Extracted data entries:
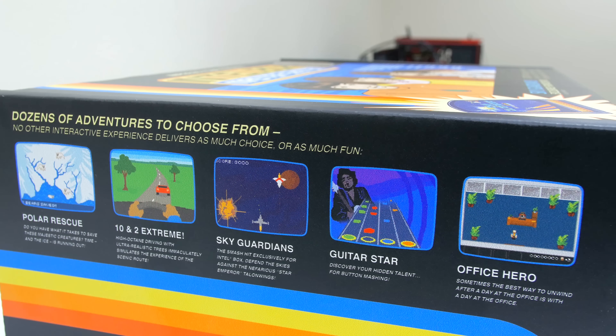Intel has definitely put some thought into this. It appears to be some sort of a puzzle where hitting the right notes will unlock the cover. It will display which notes are incorrect by lighting up in red, and after many attempts I finally managed to get it right.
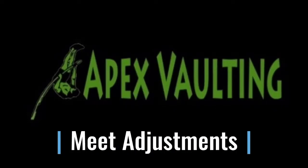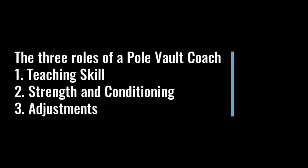In today's Apex Vaulting video, we're going to talk about meet adjustments. All pole vault coaches have three roles. One, you teach skill — think about almost like a karate instructor who has to get their athlete from white belt to black belt, master skill. Two, strength and conditioning — you have to know something about how to get your athletes stronger and faster. And three, you have to be good at adjustments at the meets. You don't teach at a meet, you adjust.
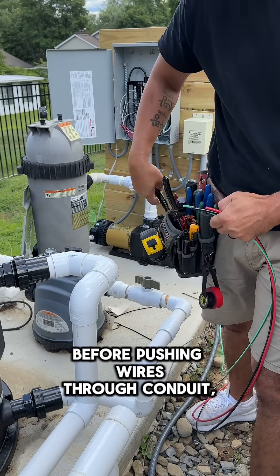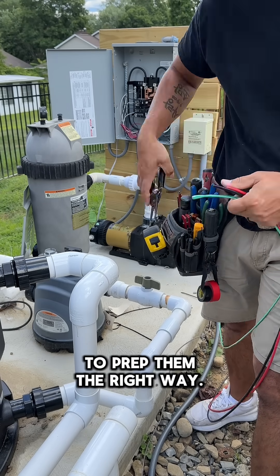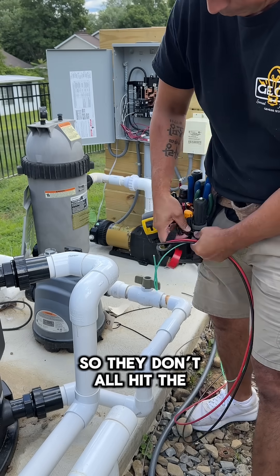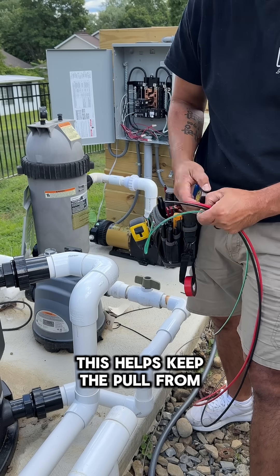Before pushing wires through conduit, I always take a few minutes to prep them the right way. First, I stagger the wire ends so they don't all hit the same spot inside the pipe. This helps keep the pull from snagging.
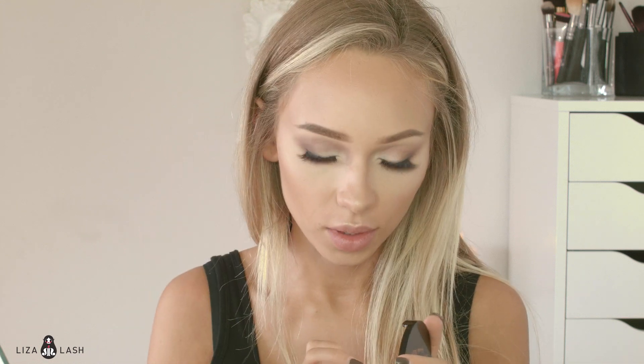The favorite part is highlight. I'm using Anastasia Beverly Hills highlighter with the Hollywood Anastasia highlighter brush. I'm putting it on the top of my cheekbone, tip of my nose, top of my lip, and in the middle of my forehead, along my eyebrow. And with my finger I'm going to highlight the corner of my eye.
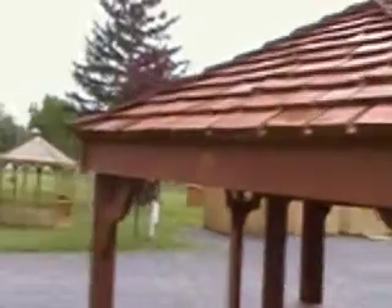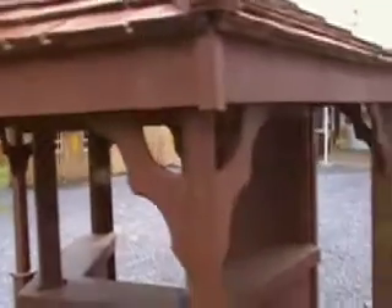And then on top, if I can get the camera up there a little bit, you can see cedar-shaped shingles — just a simple, decorative touch to the top.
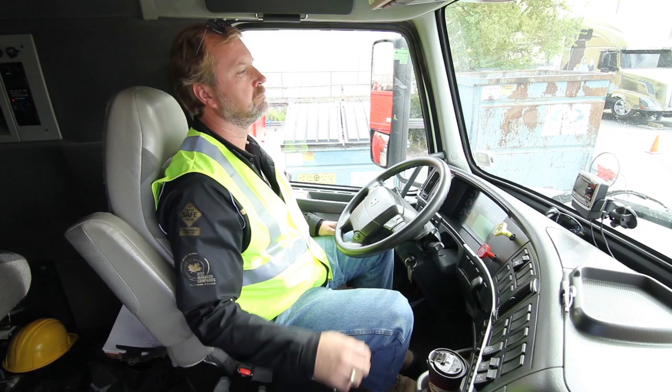Anchor your arm by holding your chair seat, then lift your chin up and away from the anchored arm.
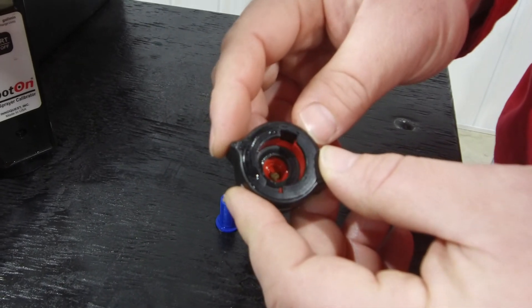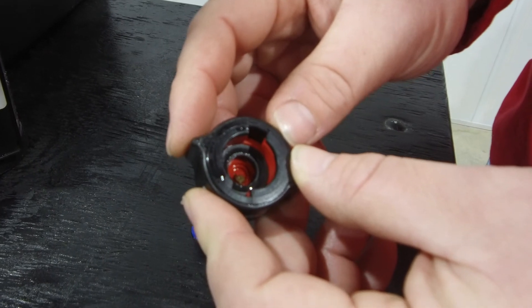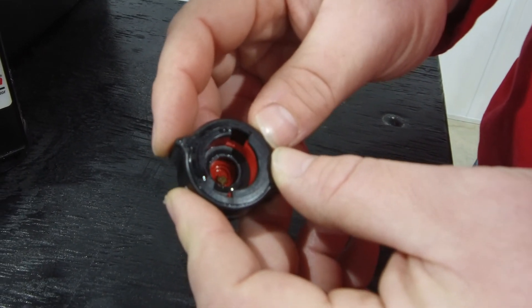So we took apart that nozzle and you can see there's a rock down in the nozzle on top of the orifice. Somehow this got past the nozzle strainer, and this is likely what's restricting flow in this nozzle and causing the reduced flow rates.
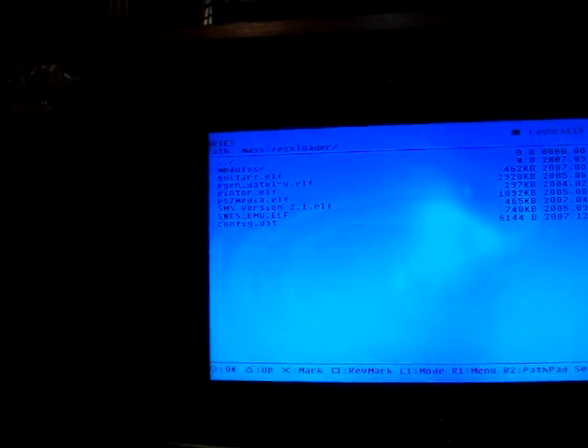Once you got that in there, you need the program PSX loader. Put that in the root of your USB drive, and all the else you want to load inside there. Also, there's the modules — I'm not going to go too much into that, but it's inside the README to find out where to get those files.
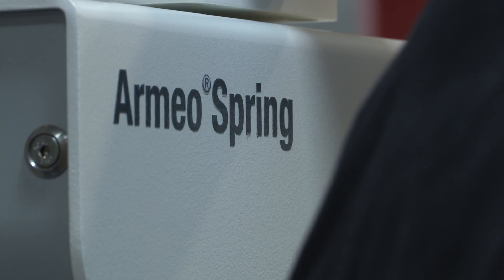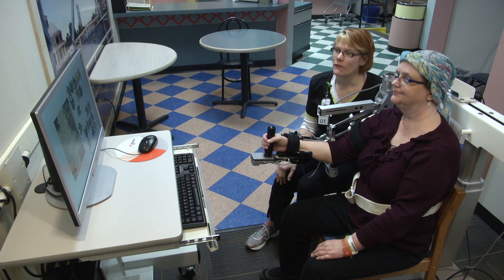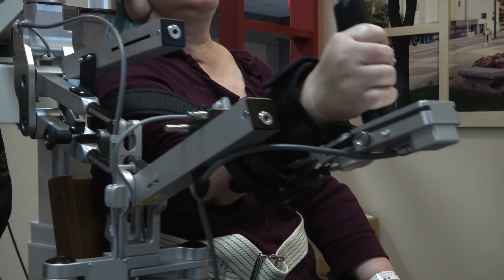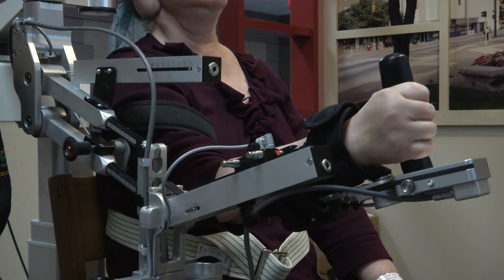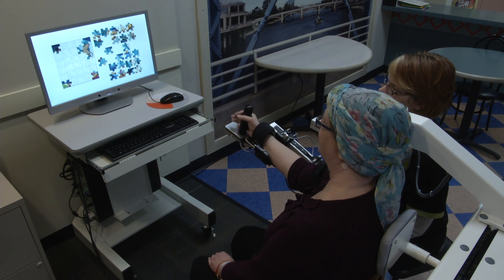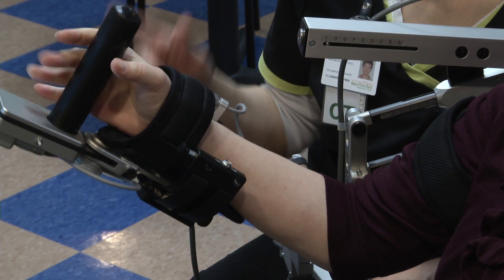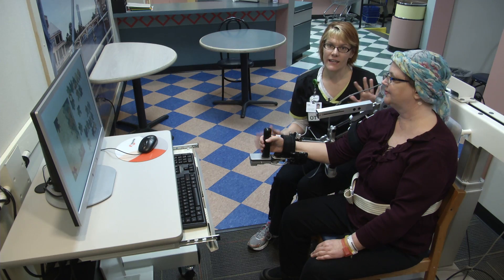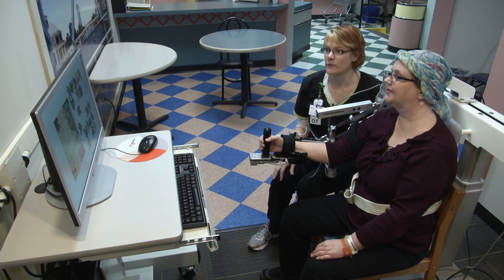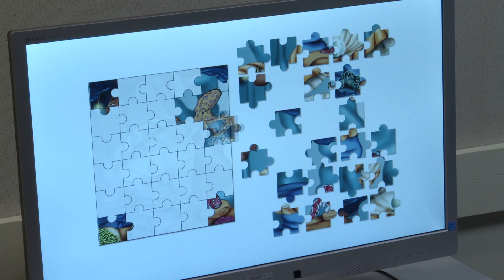This is the Armeo Spring and the goal is to help people who have limited range of motion of their arm be able to experience more range of motion actively with their arm. This machine helps eliminate some of the gravity pull on the arm and helps her calibrate her movements a little bit better to reach targets that we want to achieve functionally with shoulder flexion.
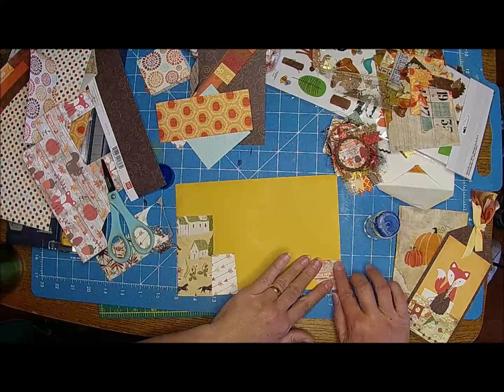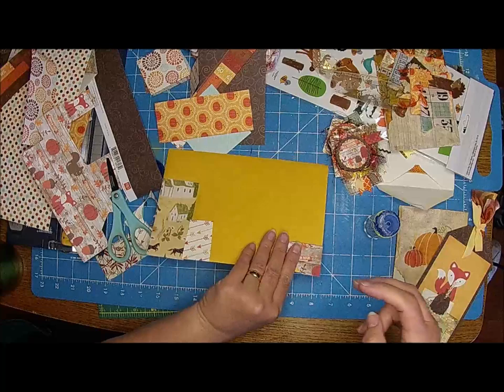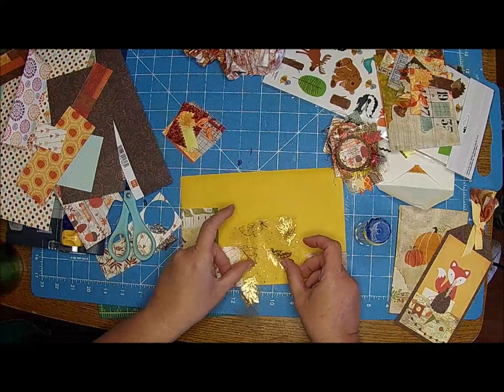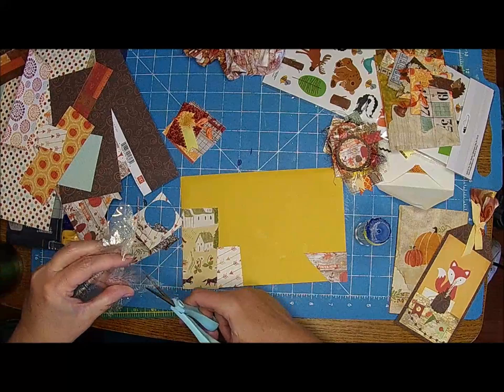Usually I just put in what I guess are kind of naked envelopes. I saw where she had done a little collage thing on hers, and I thought that's a good idea, that's really cute. I had this piece too - I thought that might go kind of cute. Just any kind of scraps, we're just going to glue them down.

#### Work order:
I need the lines from the one holding "Once you got" through the last line of the entries set down exactly, with every picture left out.

#### Written response:
Once you got that in there, you need the program PSX loader. Put that in the root of your USB drive, and all the else you want to load inside there. Also, there's the modules — I'm not going to go too much into that, but it's inside the README to find out where to get those files.
This is the Armeo Spring and the goal is to help people who have limited range of motion of their arm be able to experience more range of motion actively with their arm. This machine helps eliminate some of the gravity pull on the arm and helps her calibrate her movements a little bit better to reach targets that we want to achieve functionally with shoulder flexion.
Usually I just put in what I guess are kind of naked envelopes. I saw where she had done a little collage thing on hers, and I thought that's a good idea, that's really cute. I had this piece too - I thought that might go kind of cute. Just any kind of scraps, we're just going to glue them down.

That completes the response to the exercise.